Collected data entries
....

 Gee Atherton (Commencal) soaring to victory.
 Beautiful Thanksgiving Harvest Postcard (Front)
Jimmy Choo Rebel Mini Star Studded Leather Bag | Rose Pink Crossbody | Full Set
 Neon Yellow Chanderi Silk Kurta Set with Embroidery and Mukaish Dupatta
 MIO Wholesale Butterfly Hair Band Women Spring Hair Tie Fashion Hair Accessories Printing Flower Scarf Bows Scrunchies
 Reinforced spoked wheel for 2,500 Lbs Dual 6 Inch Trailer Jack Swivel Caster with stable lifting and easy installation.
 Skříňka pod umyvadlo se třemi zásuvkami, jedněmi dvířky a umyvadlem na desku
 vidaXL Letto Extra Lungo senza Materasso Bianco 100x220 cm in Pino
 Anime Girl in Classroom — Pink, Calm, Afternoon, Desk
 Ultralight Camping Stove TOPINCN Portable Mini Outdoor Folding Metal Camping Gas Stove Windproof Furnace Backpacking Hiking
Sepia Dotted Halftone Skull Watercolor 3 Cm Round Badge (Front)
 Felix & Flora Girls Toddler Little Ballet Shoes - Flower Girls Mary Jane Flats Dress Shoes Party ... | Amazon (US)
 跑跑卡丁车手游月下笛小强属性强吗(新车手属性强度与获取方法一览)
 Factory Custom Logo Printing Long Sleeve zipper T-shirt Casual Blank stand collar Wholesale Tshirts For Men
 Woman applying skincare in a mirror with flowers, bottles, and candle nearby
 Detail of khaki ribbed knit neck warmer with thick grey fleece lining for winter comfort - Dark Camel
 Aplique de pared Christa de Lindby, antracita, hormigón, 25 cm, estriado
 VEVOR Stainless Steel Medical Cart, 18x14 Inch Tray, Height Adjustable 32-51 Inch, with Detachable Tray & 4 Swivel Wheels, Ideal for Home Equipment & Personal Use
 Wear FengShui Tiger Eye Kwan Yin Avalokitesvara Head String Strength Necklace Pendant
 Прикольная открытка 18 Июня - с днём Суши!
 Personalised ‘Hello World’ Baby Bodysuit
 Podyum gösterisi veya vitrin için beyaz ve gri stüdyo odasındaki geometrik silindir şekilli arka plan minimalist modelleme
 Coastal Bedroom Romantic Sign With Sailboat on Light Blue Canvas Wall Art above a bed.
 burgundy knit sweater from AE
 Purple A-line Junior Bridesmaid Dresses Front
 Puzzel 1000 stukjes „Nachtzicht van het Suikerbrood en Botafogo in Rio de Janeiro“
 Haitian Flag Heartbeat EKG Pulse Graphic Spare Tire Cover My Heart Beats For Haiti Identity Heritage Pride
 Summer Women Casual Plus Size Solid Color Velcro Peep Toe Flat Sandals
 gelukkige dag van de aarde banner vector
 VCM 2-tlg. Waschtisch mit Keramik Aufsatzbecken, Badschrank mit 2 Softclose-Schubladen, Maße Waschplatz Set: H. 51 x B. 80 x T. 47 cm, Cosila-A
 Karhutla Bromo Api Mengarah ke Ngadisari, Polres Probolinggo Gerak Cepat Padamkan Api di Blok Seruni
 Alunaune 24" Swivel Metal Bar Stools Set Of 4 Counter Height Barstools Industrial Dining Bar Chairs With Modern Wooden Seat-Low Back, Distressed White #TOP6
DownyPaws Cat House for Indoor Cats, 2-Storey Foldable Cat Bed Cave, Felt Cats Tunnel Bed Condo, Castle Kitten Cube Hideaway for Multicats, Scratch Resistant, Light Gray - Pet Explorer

....

WHAT THE TASK ASKS.
The lines from the top of the data above down to the line containing "Ultralight Camping Stove" are to be copied exactly; no other line should appear.

EXERCISE OUTPUT.
 Gee Atherton (Commencal) soaring to victory.
 Beautiful Thanksgiving Harvest Postcard (Front)
Jimmy Choo Rebel Mini Star Studded Leather Bag | Rose Pink Crossbody | Full Set
 Neon Yellow Chanderi Silk Kurta Set with Embroidery and Mukaish Dupatta
 MIO Wholesale Butterfly Hair Band Women Spring Hair Tie Fashion Hair Accessories Printing Flower Scarf Bows Scrunchies
 Reinforced spoked wheel for 2,500 Lbs Dual 6 Inch Trailer Jack Swivel Caster with stable lifting and easy installation.
 Skříňka pod umyvadlo se třemi zásuvkami, jedněmi dvířky a umyvadlem na desku
 vidaXL Letto Extra Lungo senza Materasso Bianco 100x220 cm in Pino
 Anime Girl in Classroom — Pink, Calm, Afternoon, Desk
 Ultralight Camping Stove TOPINCN Portable Mini Outdoor Folding Metal Camping Gas Stove Windproof Furnace Backpacking Hiking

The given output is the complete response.